Collected data entries
────────────────────

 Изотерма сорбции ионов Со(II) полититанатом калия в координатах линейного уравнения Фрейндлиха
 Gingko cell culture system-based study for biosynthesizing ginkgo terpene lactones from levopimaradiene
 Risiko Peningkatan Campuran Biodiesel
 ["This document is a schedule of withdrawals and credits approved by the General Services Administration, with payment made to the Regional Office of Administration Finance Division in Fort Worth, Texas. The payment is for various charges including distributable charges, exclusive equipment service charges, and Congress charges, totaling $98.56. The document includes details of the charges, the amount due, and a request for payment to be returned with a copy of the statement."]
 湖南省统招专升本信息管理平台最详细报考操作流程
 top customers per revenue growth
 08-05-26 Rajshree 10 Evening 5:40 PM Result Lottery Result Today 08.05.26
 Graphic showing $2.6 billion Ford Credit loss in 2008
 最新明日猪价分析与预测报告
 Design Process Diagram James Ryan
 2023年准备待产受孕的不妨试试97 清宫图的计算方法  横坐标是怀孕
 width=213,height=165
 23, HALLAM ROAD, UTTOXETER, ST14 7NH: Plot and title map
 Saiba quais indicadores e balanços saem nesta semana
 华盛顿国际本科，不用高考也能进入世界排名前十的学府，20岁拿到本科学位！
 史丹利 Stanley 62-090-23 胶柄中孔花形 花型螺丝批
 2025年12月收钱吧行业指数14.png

────────────────────

▸ About this exercise:
Restate exactly the lines running from the line with "Design Process Diagram James Ryan" to the end of the entries above, both ends included.

▸ Exercise result:
 Design Process Diagram James Ryan
 2023年准备待产受孕的不妨试试97 清宫图的计算方法  横坐标是怀孕
 width=213,height=165
 23, HALLAM ROAD, UTTOXETER, ST14 7NH: Plot and title map
 Saiba quais indicadores e balanços saem nesta semana
 华盛顿国际本科，不用高考也能进入世界排名前十的学府，20岁拿到本科学位！
 史丹利 Stanley 62-090-23 胶柄中孔花形 花型螺丝批
 2025年12月收钱吧行业指数14.png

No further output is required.